Au départ, il y a une tradition, celle des vierges sous serments, toujours en vigueur dans certaines contrées de l’Albanie rurale, qui veut qu’une femme puisse, si elle ne souhaite vivre sous la tutelle de son mari, faire le serment de rester vierge et se transformer en homme. S’inspirant d’un livre contant cette coutume inquiétante, la réalisatrice Laura Bispori signe ainsi avec VIERGE SOUS SERMENT un premier long métrage original, émouvant et formellement très abouti.
Ce qu’il faut souligner en premier lieu, c’est la singularité du traitement. La réalisatrice ne s’attache pas à la dimension politique ou la question de la transsexualité que pourrait susciter un tel sujet mais dépeint plus universellement la conquête d’une liberté, une émancipation corporelle qui va au-delà de la simple opposition masculin-féminin. Le point de départ est d’ailleurs très mystérieux et nous ne découvrons que plus tard les raisons d’une telle transformation. Cette tradition ancestrale est une manière de parler de quête d’identité, d’un propos plus universaliste que la seule composante sociale de cette pratique.
Nous suivons ainsi deux pans de la vie de Mark / Hana : d’un côté, son arrivée en Italie auprès de son amie d’enfance, soit la reconquête de sa féminité et de l’autre, sous forme de flashbacks, son adolescence dans les montagnes albanaises et sa transformation de femme en homme soit la perte de sa féminité. Le film fonctionne ainsi très subtilement de manière binaire.

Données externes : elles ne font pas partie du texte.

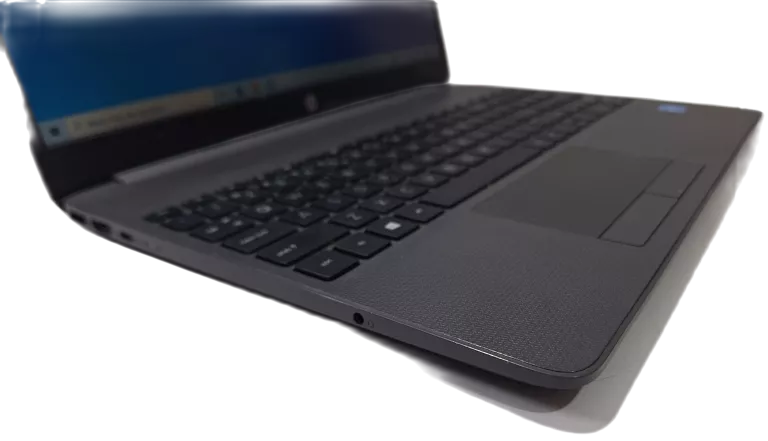 LAPTOP HP 250 G8 15,6" INTEL CORE I3 8 GB / 256 GB SREBRNY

Tout d’abord, l’œuvre présente l’évidente opposition entre la ruralité des montagnes albanaises et l’urbanité de la vie italienne, entre un monde sauvage et une société moderne, tous deux exposés de manière très juste. La réalisatrice ne dresse, en effet, à aucun moment un portrait à charge de l’une ou l’autre des régions mais s’intéresse à l’inconfort de l’héroïne à vivre dans ces deux espaces. Cette dernière semble être en phase avec la nature et la ruralité des montagnes mais refuse la soumission morale que cette vie implique. D’un autre côté, l’espace urbain est vu comme une agression mais l’état d’esprit libertaire de la ville va permettre son affranchissement. C’est d’ailleurs sa fidélité aux montagnes albanaises, à ‘’ses’’ terres, qui, alors qu’elle avait la possibilité de s’enfuir, l’obligeront à rester. En cela, l’œuvre fait écho au film colombien ayant reçu la caméra d’or à Cannes cette année, La terre et l’ombre, qui démontrait lui aussi comment l’attachement à une terre pouvait parfois être plus fort que la promesse d’une vie confortable.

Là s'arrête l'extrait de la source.